Cohen dan Uphof dalam (Rafinzar & Mardianto, 2023) menyebutkan bahwa partisipasi masyarakat dapat dibagi menjadi empat bentuk. Pertama, Participation of decision making. Kedua, participation in implementation. Ketiga, participation in benefit dan keempat adalah participation in evaluation

Melalui hal ini, pengawasan dan penilaian program-program pembangunan juga dilakukan masyarakat, mulai dari perencanaan hingga pelaksanaan program. Terlebih, dengan semakin berkembangnya teknologi informasi saat ini. Penggunaan media sosial yang kini berkembang luas di masyarakat, diharapkan partisipasi masyarakat dalam pengawasan dan penilaian dapat semakin mudah dilakukan. 

Satu hal lain yang juga patut diperhatikan terhadap partisipasi masyarakat dalam pemerintahan, adalah apakah isu-isu yang mengemuka benar-benar merupakan isu yang mewakili semua pihak atau tidak. Hal inilah yang selanjutnya menjadi alasan dalam pemilihan pihak-pihak yang dilibatkan (stakeholder) yang akan ikut berpartisipasi serta sejauh mana tingkat partisipasinya menjadi penting. Selain itu, sebagai cara untuk mencegah partisipasi masyarakat agar tidak hanya sekedar menjadi “kosmetik” dalam setiap kebijakan, maka keterlibatan masyarakat tersebut dilakukan semenjak tahap awal perencanaan.

Selain itu, perlu diperhatikan juga terkait bentuk serta tingkatan partisipasi tersebut. Sebab, setiap bentuk dan tingkatan partisipasi tersebut pada akhirnya juga memiliki tingkat tanggung jawab dan konsekuensi yang berbeda-beda pula.
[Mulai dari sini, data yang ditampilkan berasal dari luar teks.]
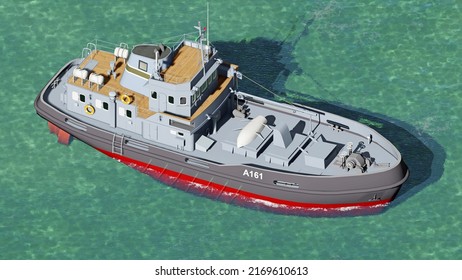 Multi-purpose Rescue Tug Boat. Side View. Isolated. 3d-rendering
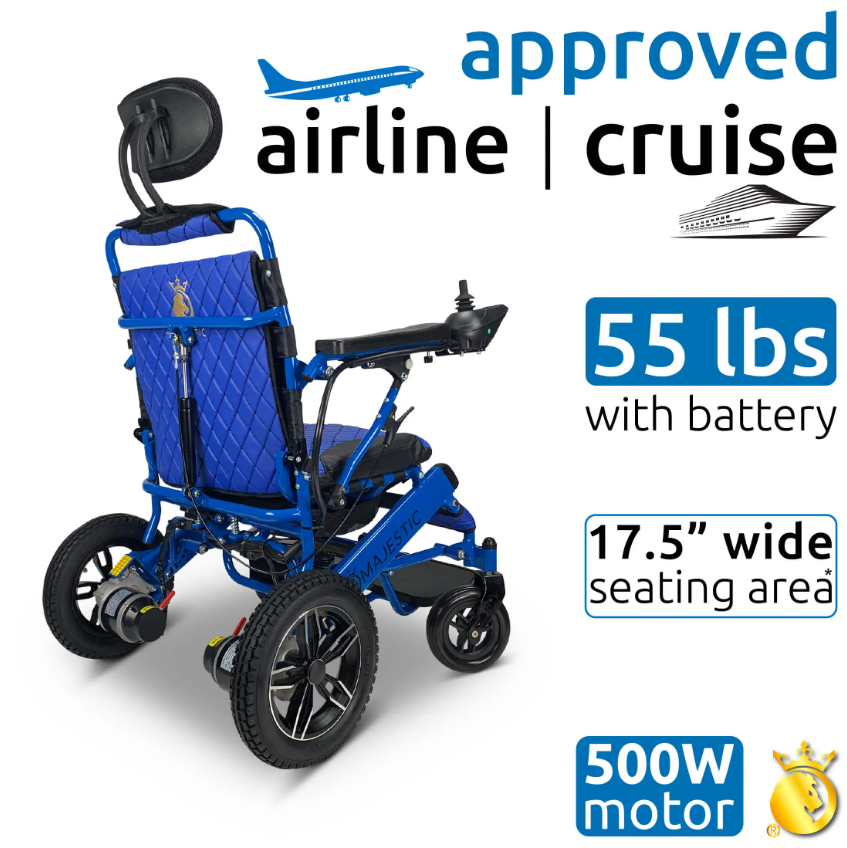 ComfyGO IQ-8000 Majestic 17.5 Inch Wide Seat Remote Controlled Travel Folding Electric Wheelchair With Recline New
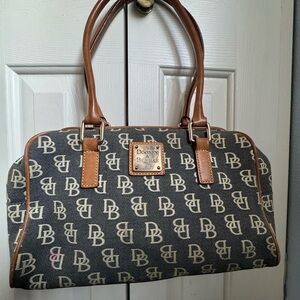 Dooney & Bourke Black Monogram Shoulder Bag with Tan Trim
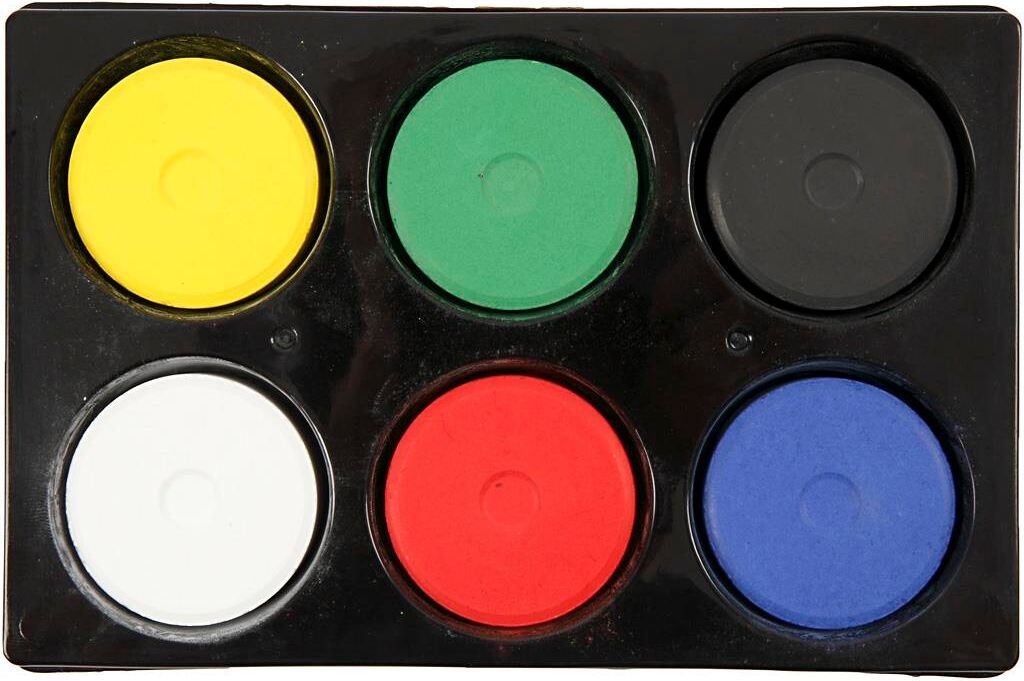 Vandfarve i palet, ø44 mm - 6 ass. primær farver i palette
Tingkatan partisipasi ini juga menunjukan distribusi kekuasaan dari masyarakat itu sendiri.

Dalam proses pelibatan masyarakat, faktor keterbatasan sumber daya manusia juga merupakan hambatan serius, apalagi jika terkait perencanaan di bidang keuangan publik. Sebagian besar masyarakat masih memiliki keterbatasan akses terhadap teknologi, sumber daya informasi, hingga masalah waktu luang yang dimiliki oleh masyarakat di tengah kesibukan keseharian mereka. Oleh karena itu, perlu upaya tambahan untuk memastikan bahwa partisipasi masyarakat dapat mencakup berbagai kelompok, termasuk mereka yang tergolong pada kelompok kurang mampu, baik secara ekonomi maupun fisik (disabilitas).


Ilustrasi musyawarah perangkat Desa. Shutterstock/Dino masharu 

Partisipasi Masyarakat di Daerah
Pada kasus Indonesia, semenjak reformasi dimulai serta dilanjutkan dengan pemberlakuan otonomi daerah dan pelaksanaan pilkada, peran serta aktif masyarakat secara luas dalam politik memang mulai terlihat. Berdirinya berbagai partai politik dengan berbagai ideologi yang dianutnya, bisa dilihat sebagai bentuk awal paling sederhana dari partisipasi politik. Begitu pula dengan soal kebebasan pers, menjamurnya serikat-serikat buruh, hingga persoalan kesetaraan gender.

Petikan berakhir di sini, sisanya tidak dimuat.